The U.S. Supreme Court on Monday agreed to hear during its current term a case testing the legality of the 2010 health care law which has ignited a power struggle between the states and federal government.

Attorneys from the states and a small business group, as well as the Obama administration, asked the Court to hear the case just ahead of the start of their 2011-2012 term in late September.

The court’s ruling may have some influence in an election year when the struggling economy and what to do about it will be a main issue.

The law, passed in March of last year aims at closing the health coverage gap in the U.S. by insuring nearly every one of the 30 million people, or 15 percent of the country, who don’t have health insurance by requiring that each person buy insurance starting in 2014.

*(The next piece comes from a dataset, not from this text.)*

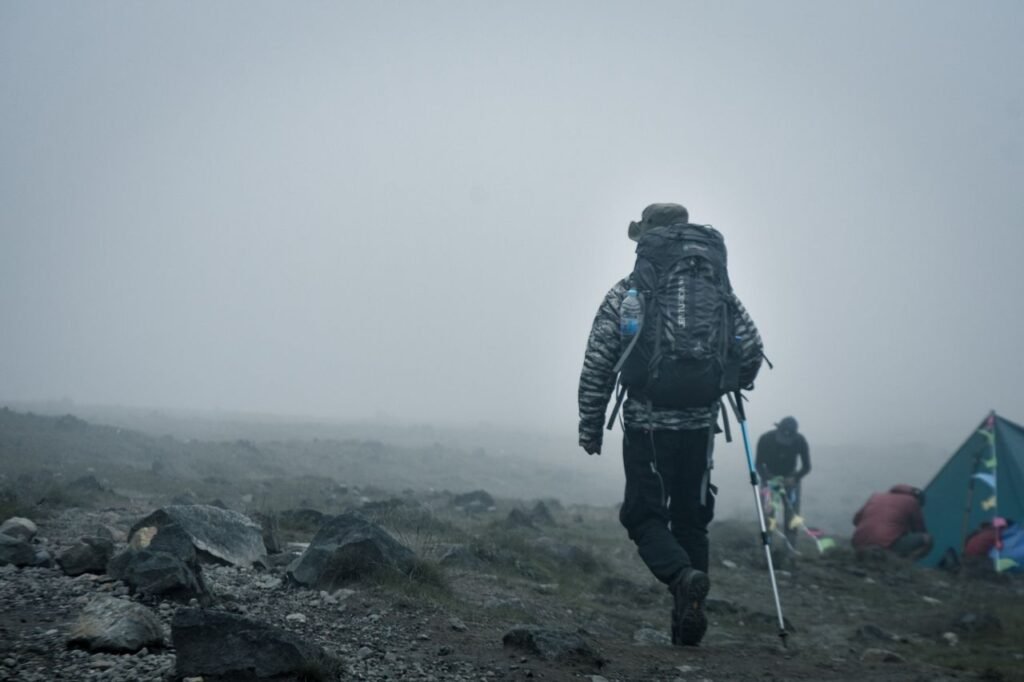 A hiker with gear treks through a foggy mountain landscape in Jawa Barat, Indonesia. Trekking en Colombia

The law includes subsidies for those who can’t afford it, raising the ire of Republicans in Congress who aim for a smaller federal government.

The law passed in an acrimonious way, along sharply partisan lines. It has faced the threat of legal challenges even before it was signed into law by President Obama in March of 2010.

The central question, according to both the states and federal government, surrounds that the so-called individual mandate at the law’s center.

A federal court in Atlanta has ruled that the core of the law violated the Constitution, although it kept the rest of the law in effect.

In September, twenty-six states and National Federation of Independent Businesses asked the court to determine if the entire law should be blocked, not only the core requirement to purchase insurance.

The Department of Health and Human Services, which is working to implement the law, filed to have the case heard immediately after the states made their request.

“[D]espite the fact that the mandate is a ‘requirement’ that Congress itself deemed ‘essential’ to the Act’s new insurance regulations … the Eleventh Circuit held that the mandate is severable from the remainder of the Act,” the States and NFIB wrote in their petition.

“The question presented is whether the ACA (Affordable Care Act) must be invalidated in its entirety because it is non-severable from the individual mandate that exceeds Congress’ limited and enumerated powers under the Constitution.”